Chris Froome has offered his take on the balance of power at the top of the WorldTour, arguing that other teams have caught up with his former team, Ineos Grenadiers, but admitting that his current employers, Israel-Premier Tech, aren’t there yet.
Froome won the Tour de France four times, along with two titles at the Vuelta a España and one at the Giro d’Italia, during a time when Ineos - then known as Team Sky - dominated Grand Tour racing.
After winning seven editions of the Tour in eight years, the team have missed out on the past two yellow jerseys as Tadej Pogačar UAE Team Emirates has stormed onto the scene. In addition, they have seen their stage race prowess curtailed by Jumbo-Visma, and specifically by Primož Roglič, winner of the past three editions of the Vuelta.

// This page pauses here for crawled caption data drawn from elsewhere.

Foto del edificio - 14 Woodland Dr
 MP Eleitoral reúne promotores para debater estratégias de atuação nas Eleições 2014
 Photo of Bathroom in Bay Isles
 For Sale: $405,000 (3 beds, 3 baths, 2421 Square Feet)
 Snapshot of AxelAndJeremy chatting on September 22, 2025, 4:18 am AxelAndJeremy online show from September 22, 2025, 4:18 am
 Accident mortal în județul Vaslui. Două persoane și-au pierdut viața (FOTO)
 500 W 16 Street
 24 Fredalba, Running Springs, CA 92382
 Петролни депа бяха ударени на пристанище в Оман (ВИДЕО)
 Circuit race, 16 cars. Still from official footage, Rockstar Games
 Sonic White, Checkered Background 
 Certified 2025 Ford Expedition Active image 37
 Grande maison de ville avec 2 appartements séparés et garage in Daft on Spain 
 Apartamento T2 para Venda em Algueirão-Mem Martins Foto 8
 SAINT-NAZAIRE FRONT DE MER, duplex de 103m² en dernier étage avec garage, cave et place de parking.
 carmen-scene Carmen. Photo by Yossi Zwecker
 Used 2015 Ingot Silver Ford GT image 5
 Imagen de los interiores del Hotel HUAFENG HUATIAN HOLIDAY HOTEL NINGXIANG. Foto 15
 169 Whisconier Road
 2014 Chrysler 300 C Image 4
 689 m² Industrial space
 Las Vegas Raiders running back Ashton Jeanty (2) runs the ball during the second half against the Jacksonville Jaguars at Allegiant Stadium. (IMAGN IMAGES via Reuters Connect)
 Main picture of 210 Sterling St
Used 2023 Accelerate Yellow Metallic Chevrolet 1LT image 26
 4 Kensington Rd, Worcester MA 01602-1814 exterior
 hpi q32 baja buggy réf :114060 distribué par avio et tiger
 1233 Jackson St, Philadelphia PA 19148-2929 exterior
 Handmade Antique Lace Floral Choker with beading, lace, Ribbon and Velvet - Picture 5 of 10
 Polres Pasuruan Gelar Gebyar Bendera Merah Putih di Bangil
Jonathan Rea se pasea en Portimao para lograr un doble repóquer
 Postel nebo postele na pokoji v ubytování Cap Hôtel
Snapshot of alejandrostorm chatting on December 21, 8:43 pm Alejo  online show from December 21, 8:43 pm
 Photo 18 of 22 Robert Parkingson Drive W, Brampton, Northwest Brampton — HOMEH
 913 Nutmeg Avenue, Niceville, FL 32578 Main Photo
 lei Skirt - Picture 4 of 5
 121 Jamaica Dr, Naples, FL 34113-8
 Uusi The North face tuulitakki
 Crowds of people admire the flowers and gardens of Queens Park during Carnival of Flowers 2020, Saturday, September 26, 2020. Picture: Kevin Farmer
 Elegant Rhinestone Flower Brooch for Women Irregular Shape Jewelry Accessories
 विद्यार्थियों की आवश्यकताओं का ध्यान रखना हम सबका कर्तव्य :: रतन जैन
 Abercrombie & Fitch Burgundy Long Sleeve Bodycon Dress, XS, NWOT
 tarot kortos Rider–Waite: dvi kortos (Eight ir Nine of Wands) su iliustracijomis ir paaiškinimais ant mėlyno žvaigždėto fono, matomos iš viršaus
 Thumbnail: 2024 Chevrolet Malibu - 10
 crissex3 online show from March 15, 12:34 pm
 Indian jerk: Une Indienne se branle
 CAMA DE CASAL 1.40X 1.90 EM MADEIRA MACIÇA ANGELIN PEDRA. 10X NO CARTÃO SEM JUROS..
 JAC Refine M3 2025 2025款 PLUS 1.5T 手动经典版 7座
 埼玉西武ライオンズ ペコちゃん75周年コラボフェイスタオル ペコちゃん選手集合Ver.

"Team Sky were setting the benchmark, if you like, but in previous years other teams have caught up," Froome said at an Israel-Premier Tech team presentation this week.
"At the moment there are certainly two or three of the bigger teams who are on a very similar level, especially when it comes to riding Grand Tours and controlling the Grand Tours, in terms of the general classification. So it does seem to be much more of an even playing field in that sense."
Despite this being a team launch, Froome wasn’t quite tempted to place Israel-Premier Tech in that bracket, but argued they’re on their way to closing the gap. His signing in 2021 was supposed to signal new intent after the team had stepped up to the WorldTour in 2020 and, even if injuries have continued to hold him back, the team have continued to invest, signing Michael Woods, Jakob Fuglsang, and Giacomo Nizzolo for 2022, as well as welcoming Premier Tech as a title sponsor.
"In terms of Israel Start-Up Nation, I wouldn’t say we are one of those teams necessarily setting the benchmark for general classification riding in Grand Tours, but that’s hopefully something we can keep building on in next few years with the goal to try and reach that level. I think we’ve got a great platform now to really strengthen the team over next few years, which is what I’d really like to see," Froome said.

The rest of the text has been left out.